● **TASK TO CARRY OUT**
Exactly retype the lines below from the one containing "axcell do santos online show from 2, 3, 2025" through the end of the listing. Leave pictures out.

● **INFORMATION PROVIDED**
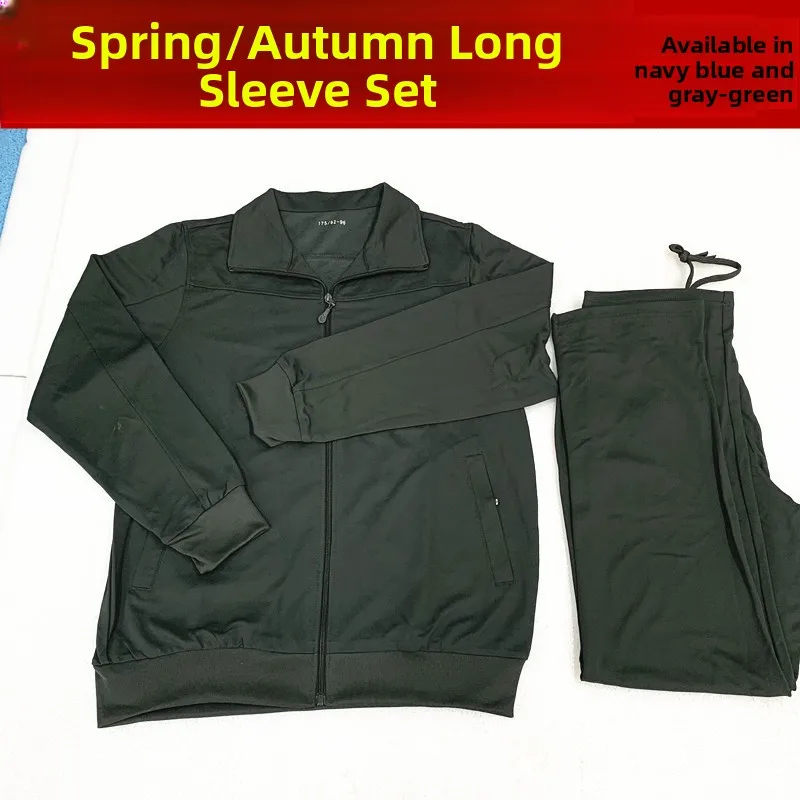 training-orm-set-long-sve-ay-een-sports-wear-blue-pants-military-sle-outdoor-cam-travel-gear-for-men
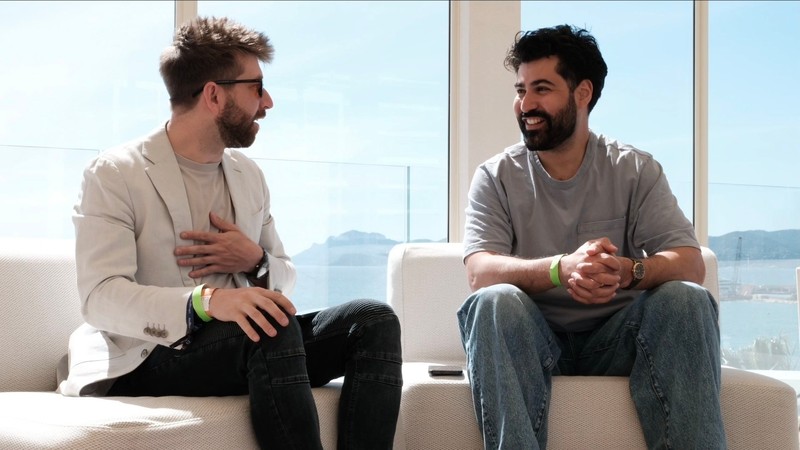 Human.Tech CEO on Zero-Knowledge Identity and AI Wallets at WalletCon, 2026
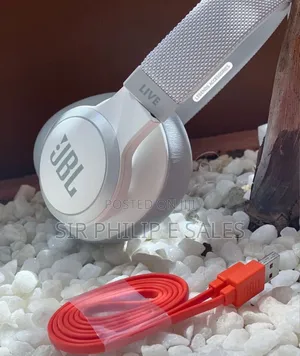 JBL Headphones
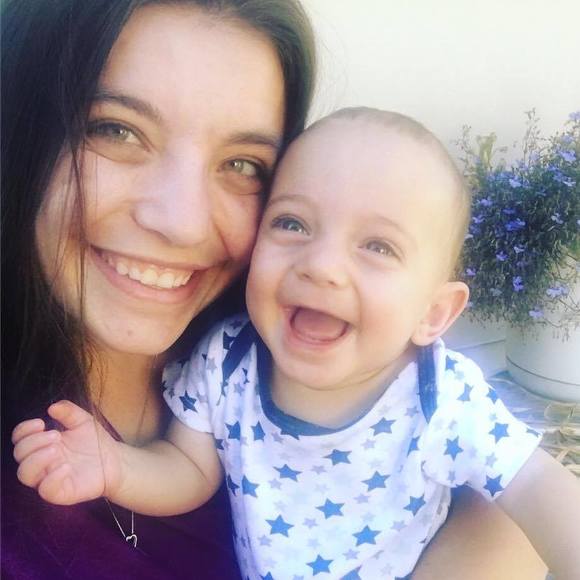 Meet your Posher, Nina - Picture 1 of 1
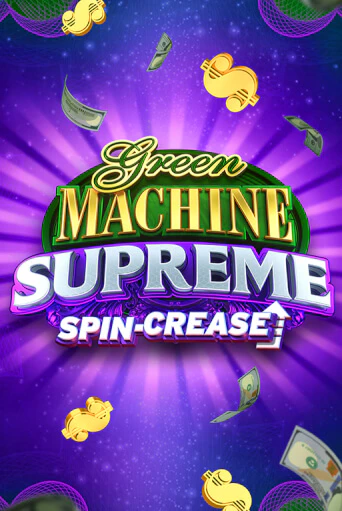 Green Machine Supreme играть без денег онлайн | Демо игры Grand Casino Online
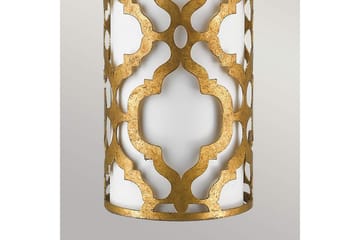 Bordslampa Gilded Nola Arabella - Belysning - Lampor & belysning inomhus - Sovrumslampa - Sänglampa - Sängbordslampa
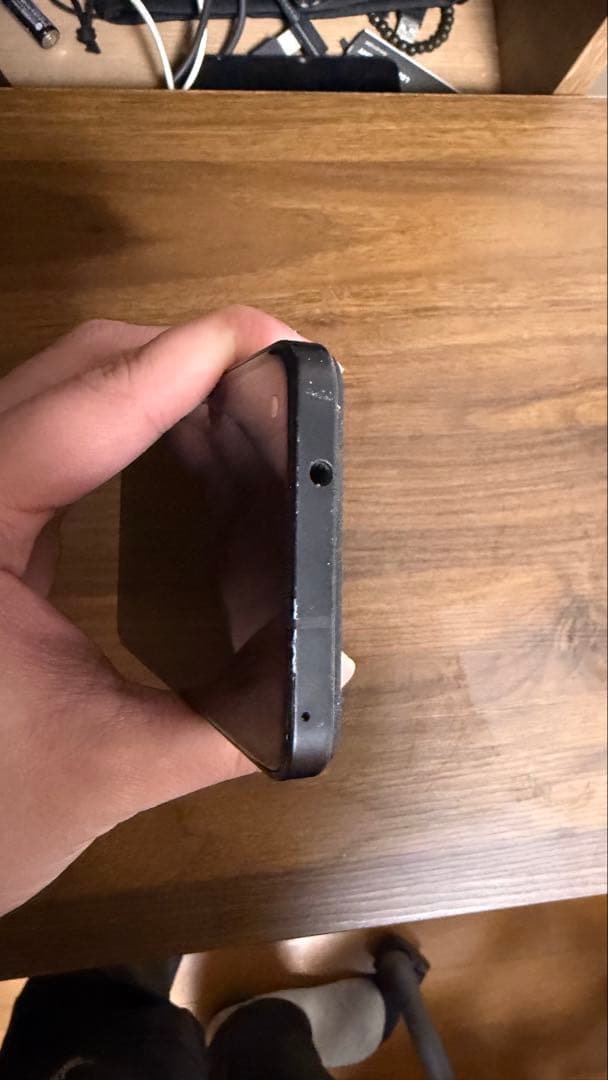 ASUS Zenfone 9 日本版 SIMフリー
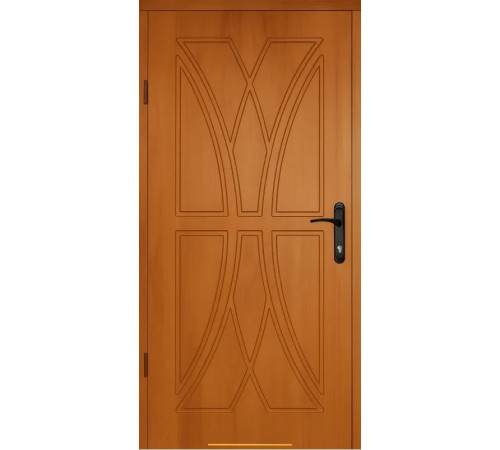 Входная дверь Вулкан Symmetry Line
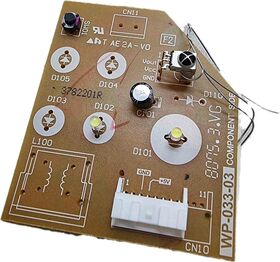 récepteur infrarouge RAS-B07BKVG-E toshiba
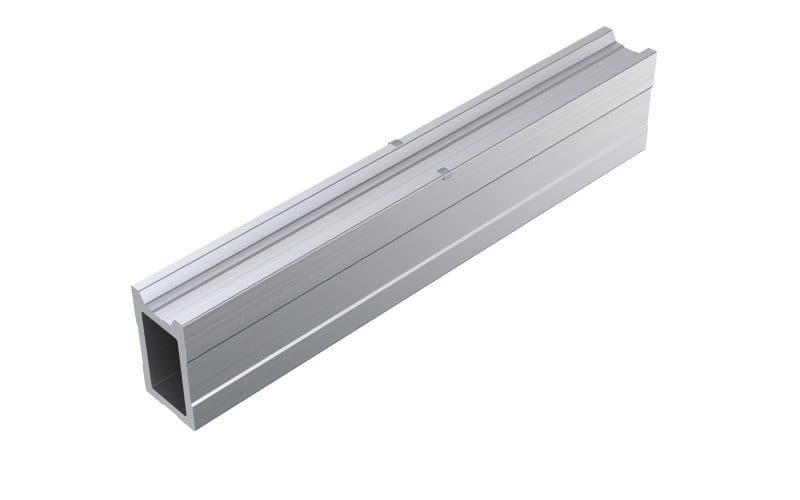AEROCOMPACT - TRPCN74 Schienenverbinder für TR74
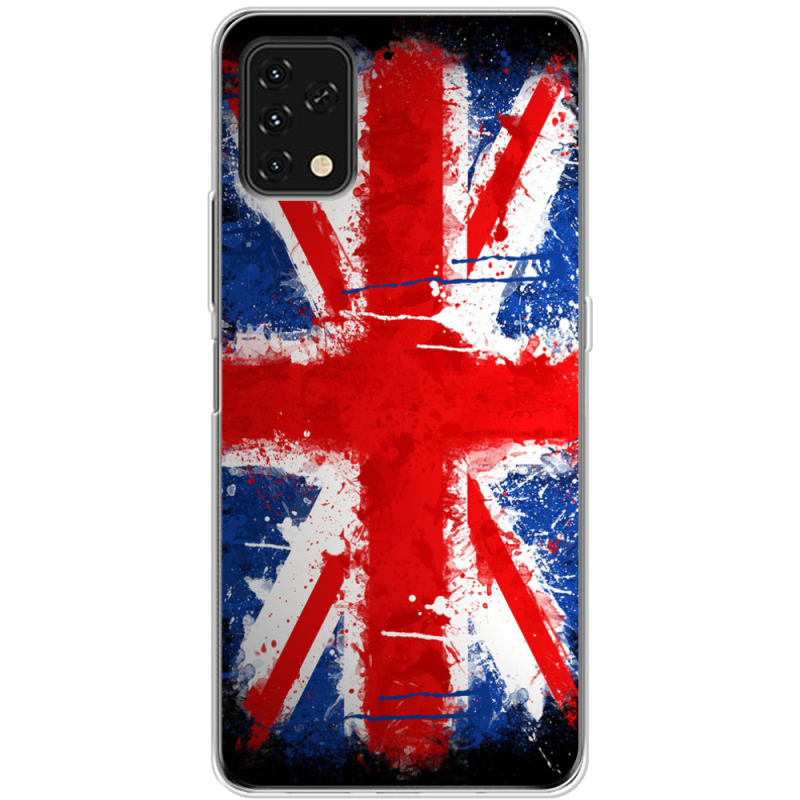 Чехол BoxFace Umidigi Power 5S 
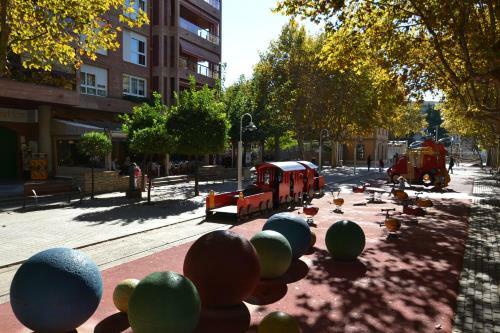 Apartamento Wvp - Ciutat De Reus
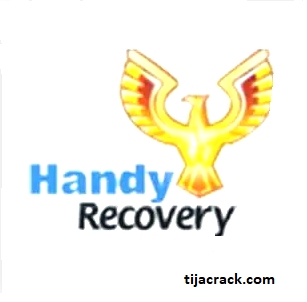 Handy Recovery Crack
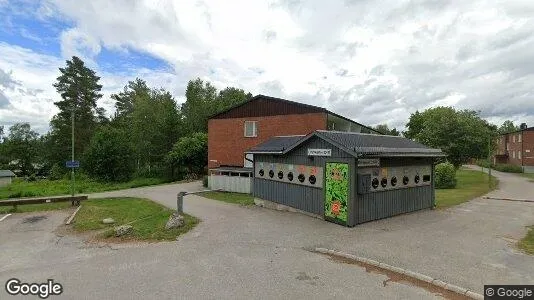 Apartments for rent in Hudiksvall - Photo from Google Street View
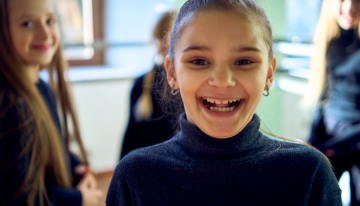 Kids Drama Workshop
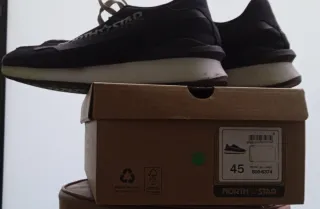 Scarpe da ginnastica North Star leggere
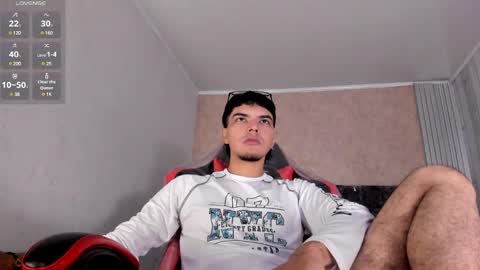 axcell do santos online show from 2, 3, 2025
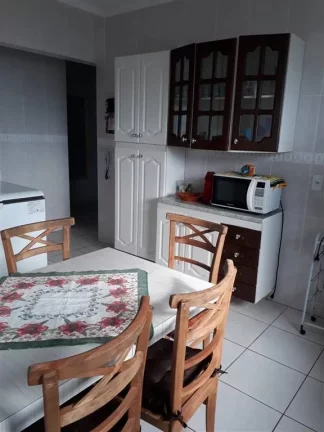 Imagem Apartamento à Venda em Vila Caiçara, Praia Grande - SP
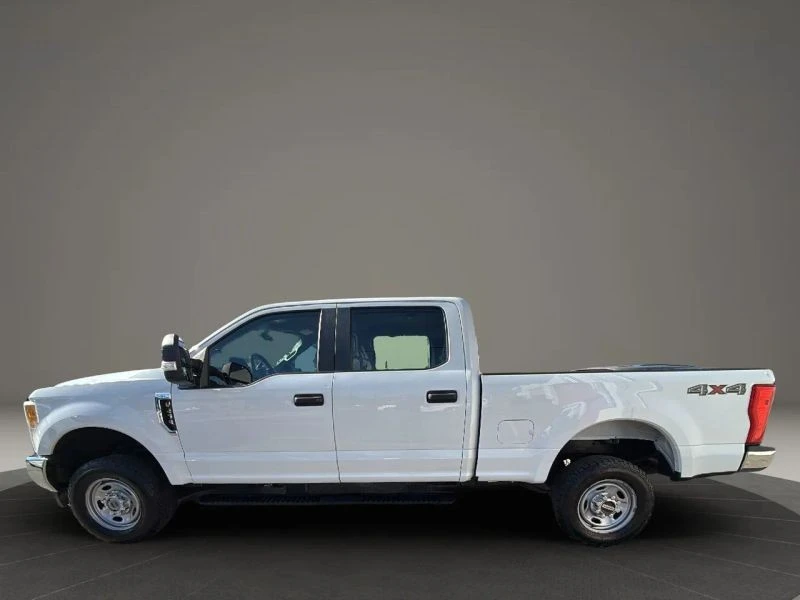 2017 Ford Super Duty 3rd Gen - Image 8 of 12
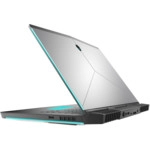 Ноутбук Dell Alienware 15 R4 A15-7695 (15.6 ", FHD 1920x1080 (16:9), Core i5, 8 Гб, HDD и SSD, 128 ГБ, nVidia GeForce GTX 1060)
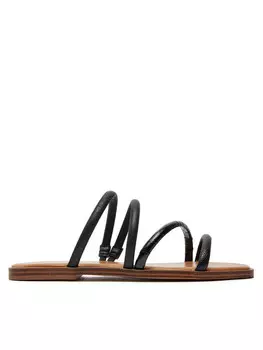 Мюли Aldo, черный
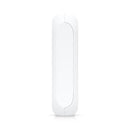 Ubiquiti UVC-AI-THETA-HUB Remote Processing Unit for AI Theta Lens & Audio, PoE Powered, 0.96" Display, Wall/Ceiling Mountable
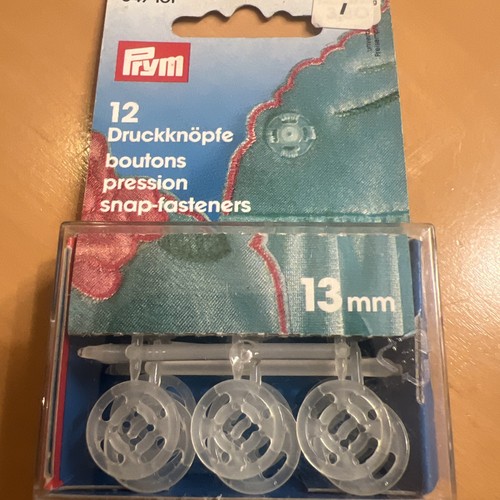 Vintage annäh druckknöpfe - vintage,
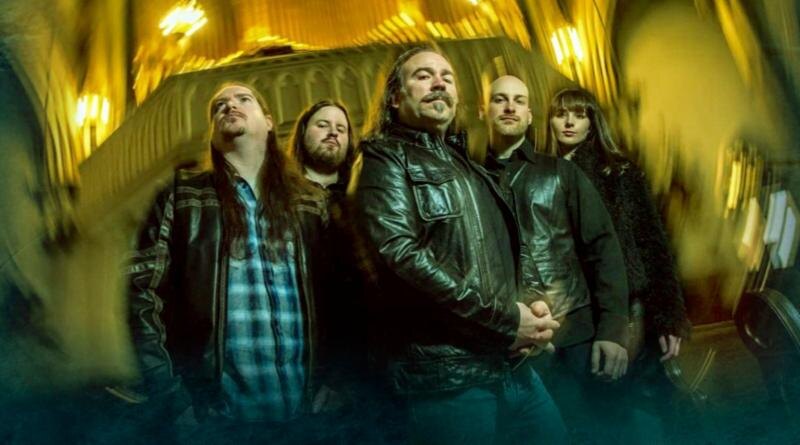 Infinite Spectrum: Metal Underground Issues Single From Lovecraft-Inspired Second Album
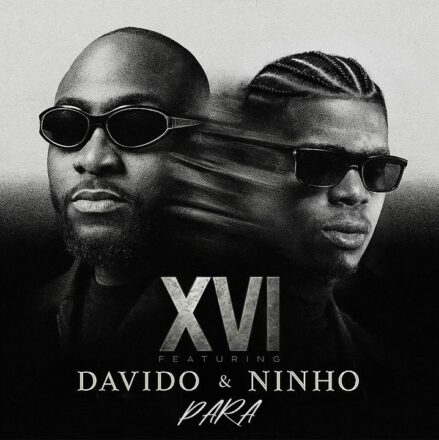 Davido Ft Ninho – Para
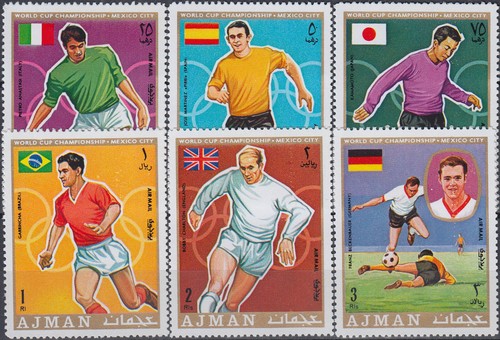Ajman campionato mondiale - mondiale, di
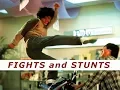Download Lagu Jackie Chan - Fight Scenes and Stunts 1080p (Police Story 1 and 2)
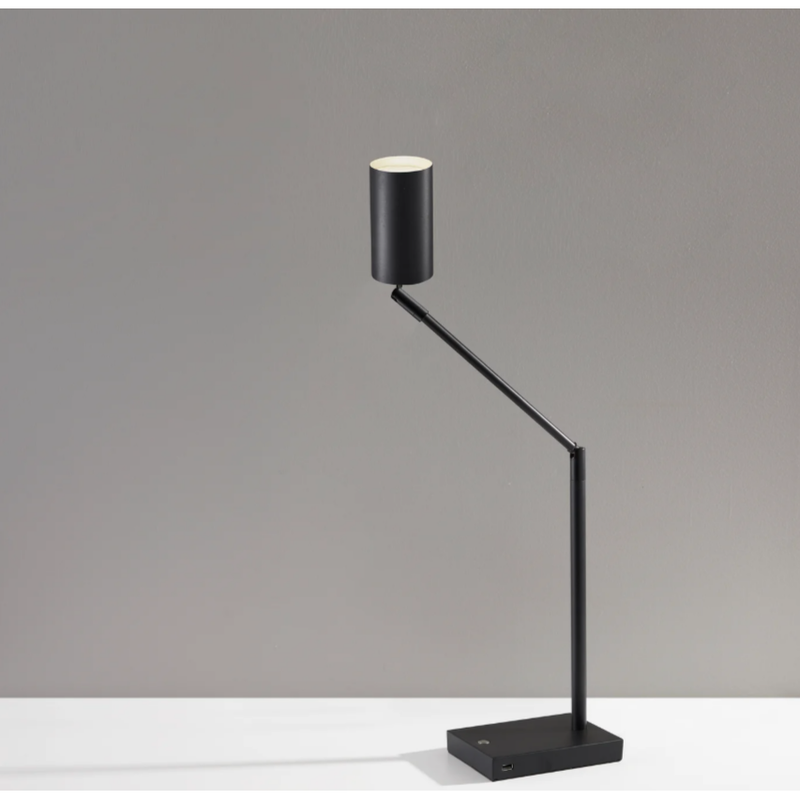Colby LED Desk Lamp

● **EXERCISE RESPONSE**
 axcell do santos online show from 2, 3, 2025
 Imagem Apartamento à Venda em Vila Caiçara, Praia Grande - SP
 2017 Ford Super Duty 3rd Gen - Image 8 of 12
 Ноутбук Dell Alienware 15 R4 A15-7695 (15.6 ", FHD 1920x1080 (16:9), Core i5, 8 Гб, HDD и SSD, 128 ГБ, nVidia GeForce GTX 1060)
 Мюли Aldo, черный
 Ubiquiti UVC-AI-THETA-HUB Remote Processing Unit for AI Theta Lens & Audio, PoE Powered, 0.96" Display, Wall/Ceiling Mountable
 Vintage annäh druckknöpfe - vintage,
 Infinite Spectrum: Metal Underground Issues Single From Lovecraft-Inspired Second Album
 Davido Ft Ninho – Para
Ajman campionato mondiale - mondiale, di
Download Lagu Jackie Chan - Fight Scenes and Stunts 1080p (Police Story 1 and 2)
Colby LED Desk Lamp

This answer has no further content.